■ **Information shown**

- Opening Delimiter -

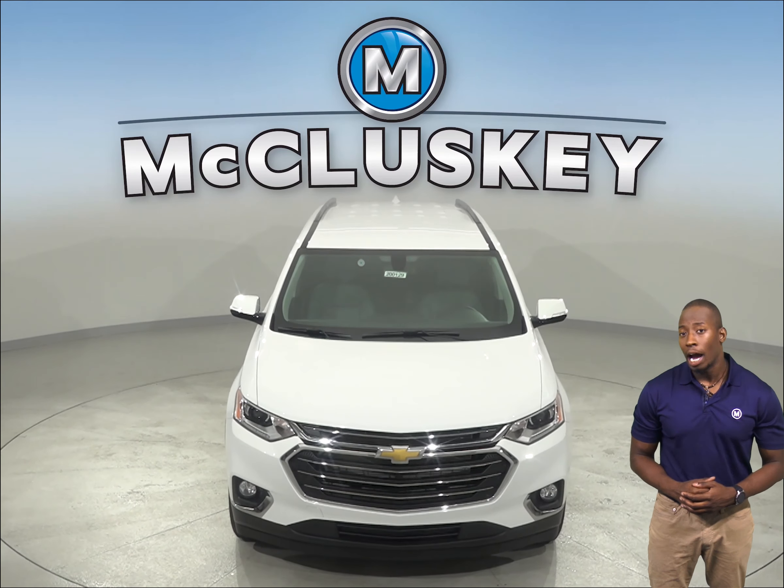This helps improve highway fuel economy. The Cadillac XT6 does not offer active grille shutters.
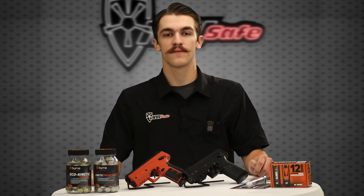Curious if the Berna launcher is the right self-defense tool for you? We'll cover how it works and when it can protect you. Watch to find out if this less-than-lethal option fits your needs.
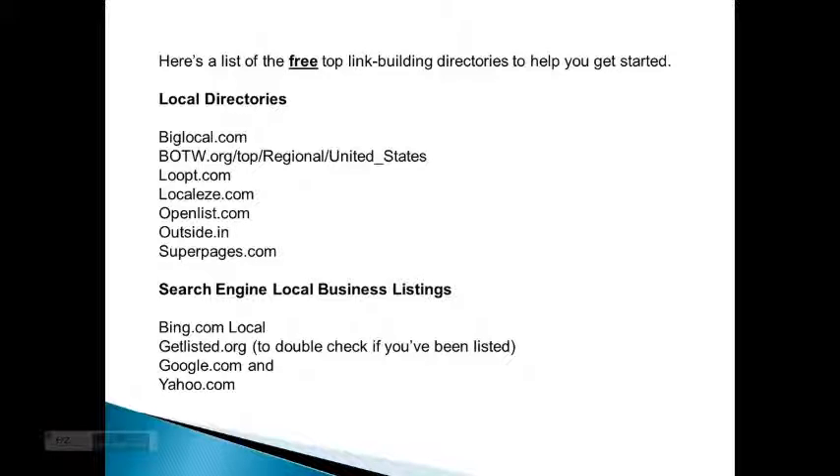For search engine local business listings, you should use bing.com local, getlisted.org to double check if you've been listed, google.com, and yahoo.com.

- Closing Delimiter -

■ **Task prompt**
With the pictures left out, restate word for word every line of the data above, from the first down to the line that contains "Curious if the".

■ **Exercise output**
This helps improve highway fuel economy. The Cadillac XT6 does not offer active grille shutters.
Curious if the Berna launcher is the right self-defense tool for you? We'll cover how it works and when it can protect you. Watch to find out if this less-than-lethal option fits your needs.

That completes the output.